(WHAT THE TASK ASKS): In your copy, leave out the pictures and output only the lines from the one holding "Bedroom featuring laminate" through the end of the data below, exactly.

(SUPPLIED INFORMATION):
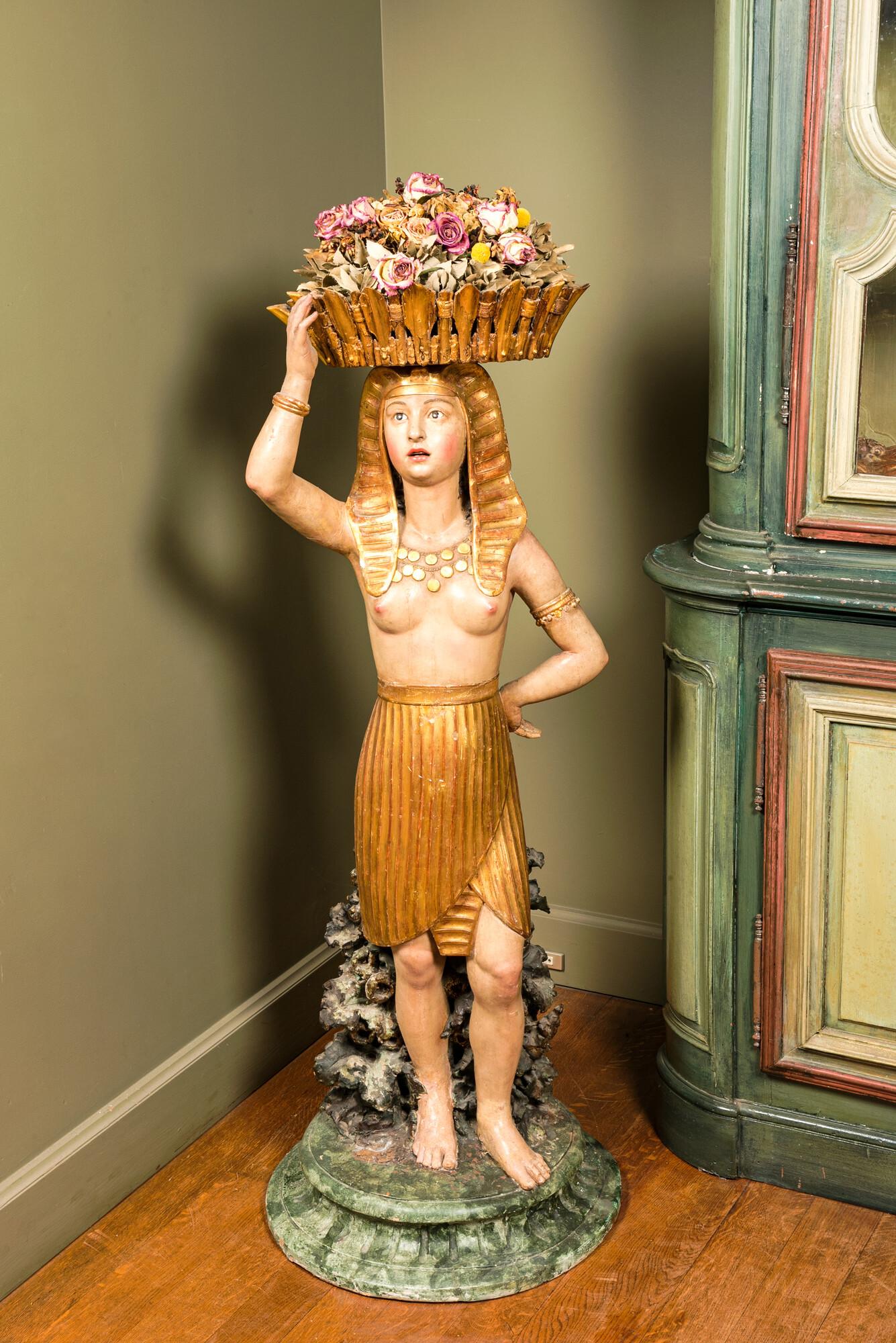 A polychrome terracotta 'Egyptomania' sculpture of an Egyptian lady with a flower basket, illegibly (1 of 4)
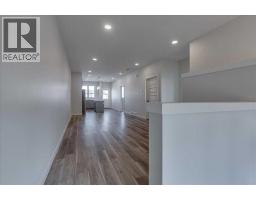 Great room - 10 Memorial Parkway, Rural Red Deer County, AB T4E3B7 Photo 7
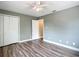 Bedroom featuring laminate flooring, closet, neutral paint, and a ceiling fan at 713 W 3Rd St, Lakeland, FL 33805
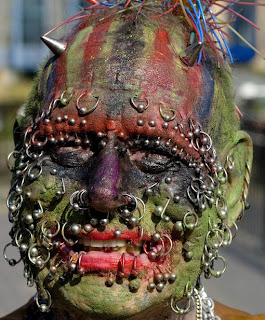 Extreme Face Tattoos and Piercing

(THE ANSWER):
 Bedroom featuring laminate flooring, closet, neutral paint, and a ceiling fan at 713 W 3Rd St, Lakeland, FL 33805
 Extreme Face Tattoos and Piercing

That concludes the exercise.